Exercise materials:
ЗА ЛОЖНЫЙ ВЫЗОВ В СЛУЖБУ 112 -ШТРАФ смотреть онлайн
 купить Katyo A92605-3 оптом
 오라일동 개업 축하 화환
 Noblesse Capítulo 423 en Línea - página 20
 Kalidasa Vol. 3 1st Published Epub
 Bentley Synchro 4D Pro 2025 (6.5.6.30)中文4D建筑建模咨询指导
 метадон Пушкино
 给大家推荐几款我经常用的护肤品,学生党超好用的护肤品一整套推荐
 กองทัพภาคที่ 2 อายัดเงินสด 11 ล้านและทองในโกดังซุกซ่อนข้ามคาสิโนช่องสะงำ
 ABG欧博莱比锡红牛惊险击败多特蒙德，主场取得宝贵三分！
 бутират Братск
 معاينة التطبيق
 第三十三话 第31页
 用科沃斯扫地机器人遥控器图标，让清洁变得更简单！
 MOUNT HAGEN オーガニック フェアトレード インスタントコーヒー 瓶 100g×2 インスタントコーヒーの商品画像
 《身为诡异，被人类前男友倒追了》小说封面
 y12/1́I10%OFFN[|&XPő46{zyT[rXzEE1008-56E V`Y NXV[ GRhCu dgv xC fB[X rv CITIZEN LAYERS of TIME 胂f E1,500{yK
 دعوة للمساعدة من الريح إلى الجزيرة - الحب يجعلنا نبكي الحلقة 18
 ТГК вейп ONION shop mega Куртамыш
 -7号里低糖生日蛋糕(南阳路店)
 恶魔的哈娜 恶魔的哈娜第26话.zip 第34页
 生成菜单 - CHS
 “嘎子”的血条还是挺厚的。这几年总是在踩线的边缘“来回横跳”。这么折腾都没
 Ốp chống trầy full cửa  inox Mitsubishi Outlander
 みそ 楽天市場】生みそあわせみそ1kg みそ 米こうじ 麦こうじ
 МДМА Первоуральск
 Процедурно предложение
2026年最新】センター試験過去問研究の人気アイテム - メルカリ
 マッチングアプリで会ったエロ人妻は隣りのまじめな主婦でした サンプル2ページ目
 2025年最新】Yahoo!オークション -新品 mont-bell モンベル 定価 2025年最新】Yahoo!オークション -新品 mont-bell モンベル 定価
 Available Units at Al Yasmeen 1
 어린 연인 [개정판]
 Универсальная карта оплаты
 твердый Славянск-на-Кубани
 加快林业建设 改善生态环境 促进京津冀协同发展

What the exercise asks: Using the entries above, quote each line verbatim from the first through the line that contains "어린 연인 [개정판]".

Solved exercise:
ЗА ЛОЖНЫЙ ВЫЗОВ В СЛУЖБУ 112 -ШТРАФ смотреть онлайн
 купить Katyo A92605-3 оптом
 오라일동 개업 축하 화환
 Noblesse Capítulo 423 en Línea - página 20
 Kalidasa Vol. 3 1st Published Epub
 Bentley Synchro 4D Pro 2025 (6.5.6.30)中文4D建筑建模咨询指导
 метадон Пушкино
 给大家推荐几款我经常用的护肤品,学生党超好用的护肤品一整套推荐
 กองทัพภาคที่ 2 อายัดเงินสด 11 ล้านและทองในโกดังซุกซ่อนข้ามคาสิโนช่องสะงำ
 ABG欧博莱比锡红牛惊险击败多特蒙德，主场取得宝贵三分！
 бутират Братск
 معاينة التطبيق
 第三十三话 第31页
 用科沃斯扫地机器人遥控器图标，让清洁变得更简单！
 MOUNT HAGEN オーガニック フェアトレード インスタントコーヒー 瓶 100g×2 インスタントコーヒーの商品画像
 《身为诡异，被人类前男友倒追了》小说封面
 y12/1́I10%OFFN[|&XPő46{zyT[rXzEE1008-56E V`Y NXV[ GRhCu dgv xC fB[X rv CITIZEN LAYERS of TIME 胂f E1,500{yK
 دعوة للمساعدة من الريح إلى الجزيرة - الحب يجعلنا نبكي الحلقة 18
 ТГК вейп ONION shop mega Куртамыш
 -7号里低糖生日蛋糕(南阳路店)
 恶魔的哈娜 恶魔的哈娜第26话.zip 第34页
 生成菜单 - CHS
 “嘎子”的血条还是挺厚的。这几年总是在踩线的边缘“来回横跳”。这么折腾都没
 Ốp chống trầy full cửa  inox Mitsubishi Outlander
 みそ 楽天市場】生みそあわせみそ1kg みそ 米こうじ 麦こうじ
 МДМА Первоуральск
 Процедурно предложение
2026年最新】センター試験過去問研究の人気アイテム - メルカリ
 マッチングアプリで会ったエロ人妻は隣りのまじめな主婦でした サンプル2ページ目
 2025年最新】Yahoo!オークション -新品 mont-bell モンベル 定価 2025年最新】Yahoo!オークション -新品 mont-bell モンベル 定価
 Available Units at Al Yasmeen 1
 어린 연인 [개정판]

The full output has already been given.